◆ PROBLEM TO WORK ON ◆
Please output exactly the part of the records below that opens with the line containing "Levi's Made &" and closes with the line containing "Glass Phone Case Bloodmoon - Image 24", both lines included, and nothing else.
###
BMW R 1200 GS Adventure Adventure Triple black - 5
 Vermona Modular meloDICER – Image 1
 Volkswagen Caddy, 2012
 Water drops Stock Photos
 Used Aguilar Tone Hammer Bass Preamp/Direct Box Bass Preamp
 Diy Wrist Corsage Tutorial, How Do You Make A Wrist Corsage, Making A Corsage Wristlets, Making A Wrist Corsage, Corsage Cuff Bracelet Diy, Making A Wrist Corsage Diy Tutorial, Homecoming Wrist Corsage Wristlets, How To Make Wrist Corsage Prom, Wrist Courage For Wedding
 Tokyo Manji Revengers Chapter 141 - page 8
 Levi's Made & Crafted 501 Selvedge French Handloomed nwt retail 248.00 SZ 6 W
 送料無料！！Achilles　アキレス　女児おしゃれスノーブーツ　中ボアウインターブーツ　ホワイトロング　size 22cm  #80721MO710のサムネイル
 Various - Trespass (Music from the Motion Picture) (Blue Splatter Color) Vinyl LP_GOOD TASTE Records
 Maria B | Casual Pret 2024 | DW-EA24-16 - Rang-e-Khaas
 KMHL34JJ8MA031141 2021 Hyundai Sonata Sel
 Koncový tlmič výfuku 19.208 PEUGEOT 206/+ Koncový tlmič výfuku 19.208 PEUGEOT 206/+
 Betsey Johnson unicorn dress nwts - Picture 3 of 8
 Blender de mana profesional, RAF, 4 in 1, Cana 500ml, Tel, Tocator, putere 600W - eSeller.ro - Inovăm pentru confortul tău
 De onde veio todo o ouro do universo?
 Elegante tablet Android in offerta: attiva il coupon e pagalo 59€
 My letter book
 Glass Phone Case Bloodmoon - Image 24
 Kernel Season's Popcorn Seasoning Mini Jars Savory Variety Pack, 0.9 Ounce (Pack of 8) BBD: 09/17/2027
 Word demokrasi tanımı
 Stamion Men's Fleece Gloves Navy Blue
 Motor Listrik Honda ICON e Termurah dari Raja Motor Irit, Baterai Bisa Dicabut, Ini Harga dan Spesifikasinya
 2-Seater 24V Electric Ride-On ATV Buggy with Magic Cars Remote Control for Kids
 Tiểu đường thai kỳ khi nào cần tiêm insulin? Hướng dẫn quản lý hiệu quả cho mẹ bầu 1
###
◆ RESULT OF THE TASK ◆
 Levi's Made & Crafted 501 Selvedge French Handloomed nwt retail 248.00 SZ 6 W
 送料無料！！Achilles　アキレス　女児おしゃれスノーブーツ　中ボアウインターブーツ　ホワイトロング　size 22cm  #80721MO710のサムネイル
 Various - Trespass (Music from the Motion Picture) (Blue Splatter Color) Vinyl LP_GOOD TASTE Records
 Maria B | Casual Pret 2024 | DW-EA24-16 - Rang-e-Khaas
 KMHL34JJ8MA031141 2021 Hyundai Sonata Sel
 Koncový tlmič výfuku 19.208 PEUGEOT 206/+ Koncový tlmič výfuku 19.208 PEUGEOT 206/+
 Betsey Johnson unicorn dress nwts - Picture 3 of 8
 Blender de mana profesional, RAF, 4 in 1, Cana 500ml, Tel, Tocator, putere 600W - eSeller.ro - Inovăm pentru confortul tău
 De onde veio todo o ouro do universo?
 Elegante tablet Android in offerta: attiva il coupon e pagalo 59€
 My letter book
 Glass Phone Case Bloodmoon - Image 24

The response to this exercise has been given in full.